### DATA

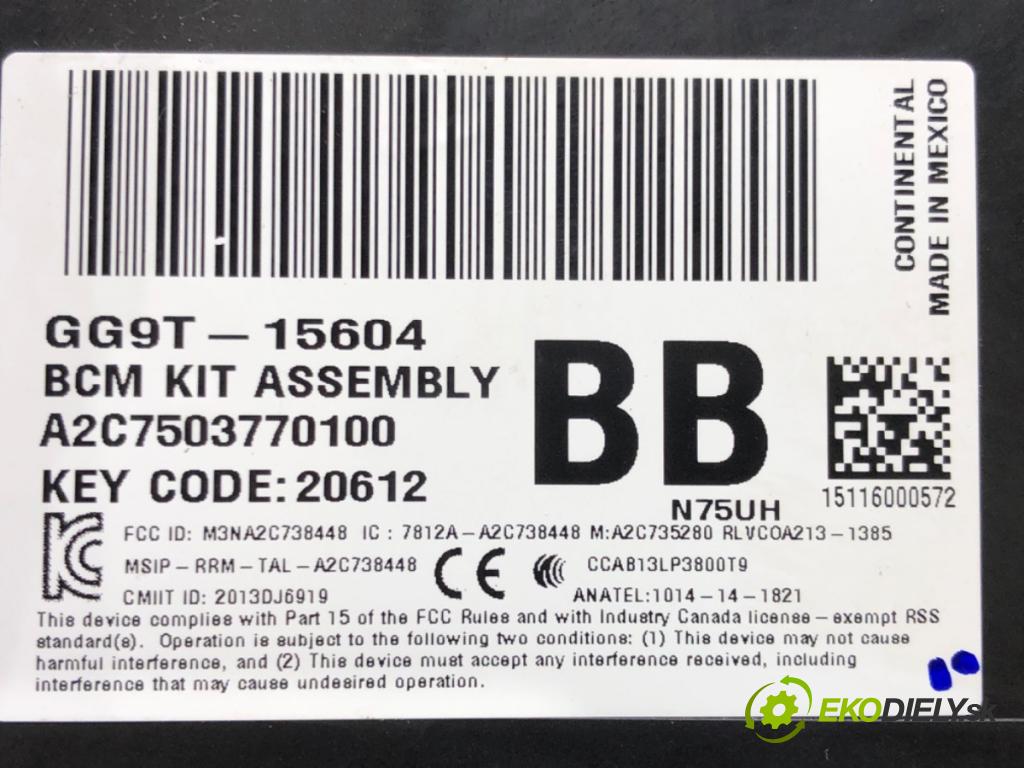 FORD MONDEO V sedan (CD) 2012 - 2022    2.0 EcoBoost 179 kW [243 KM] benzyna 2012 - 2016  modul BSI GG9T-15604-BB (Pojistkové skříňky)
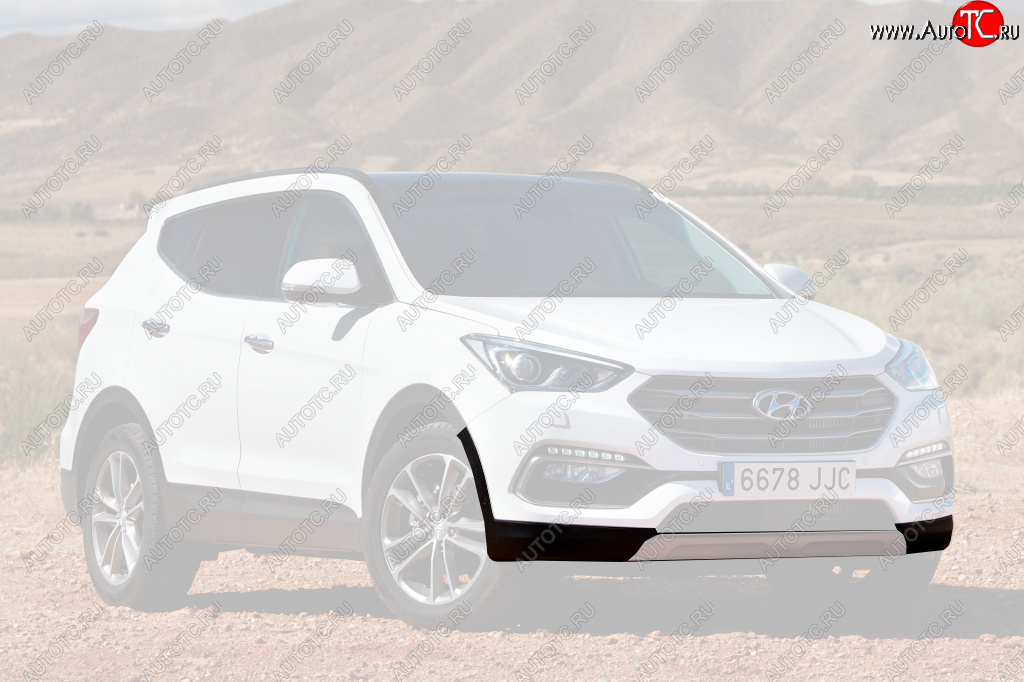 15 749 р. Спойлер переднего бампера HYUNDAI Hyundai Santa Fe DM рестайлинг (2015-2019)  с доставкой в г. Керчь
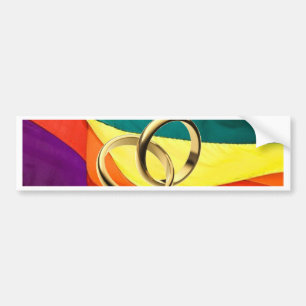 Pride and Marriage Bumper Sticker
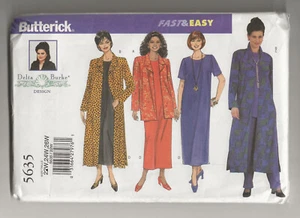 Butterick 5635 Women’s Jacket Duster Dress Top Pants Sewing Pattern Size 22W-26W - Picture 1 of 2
--
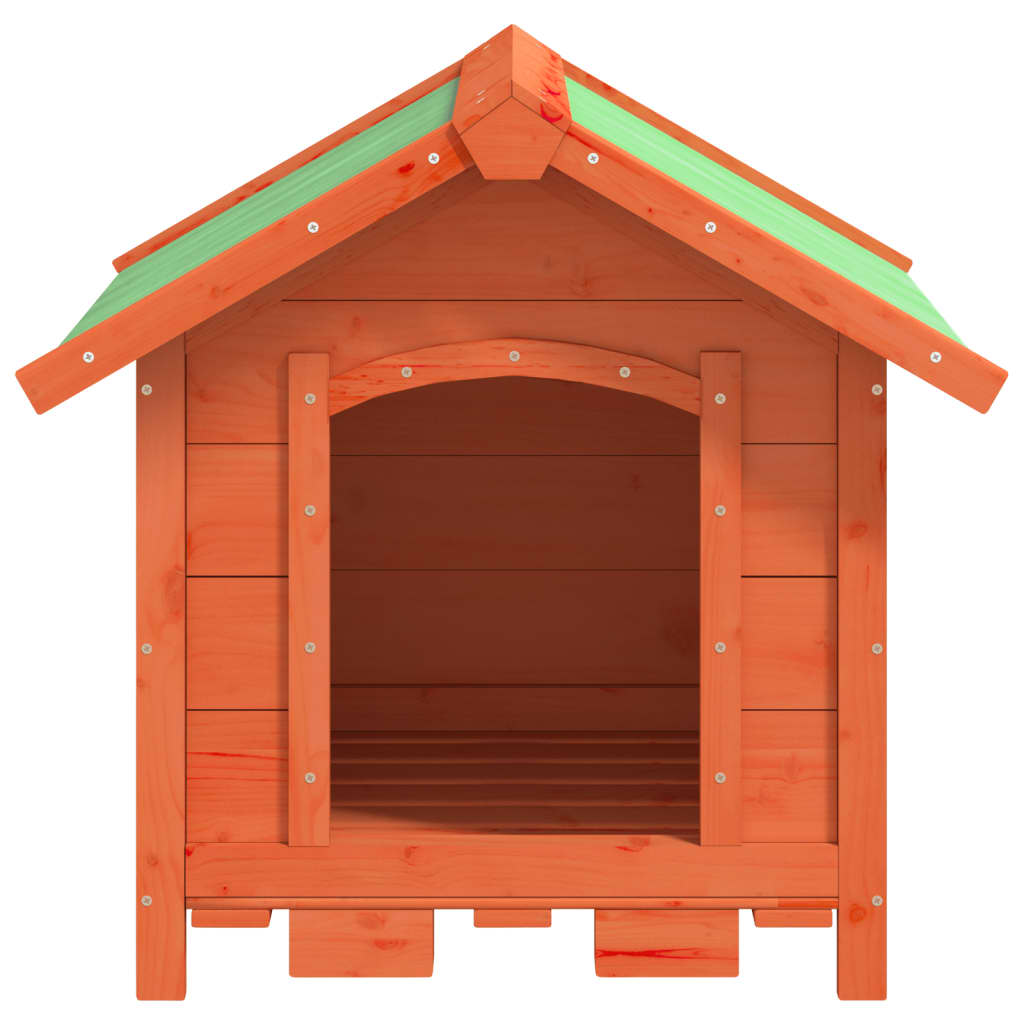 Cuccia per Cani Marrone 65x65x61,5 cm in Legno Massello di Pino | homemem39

### WORK TO BE COMPLETED
Print nothing but the lines above starting with the line that contains "Pride and Marriage Bumper Sticker" and going on through the line that contains "Butterick 5635 Women’s". Leave out the pictures.

### REPLY
 Pride and Marriage Bumper Sticker
 Butterick 5635 Women’s Jacket Duster Dress Top Pants Sewing Pattern Size 22W-26W - Picture 1 of 2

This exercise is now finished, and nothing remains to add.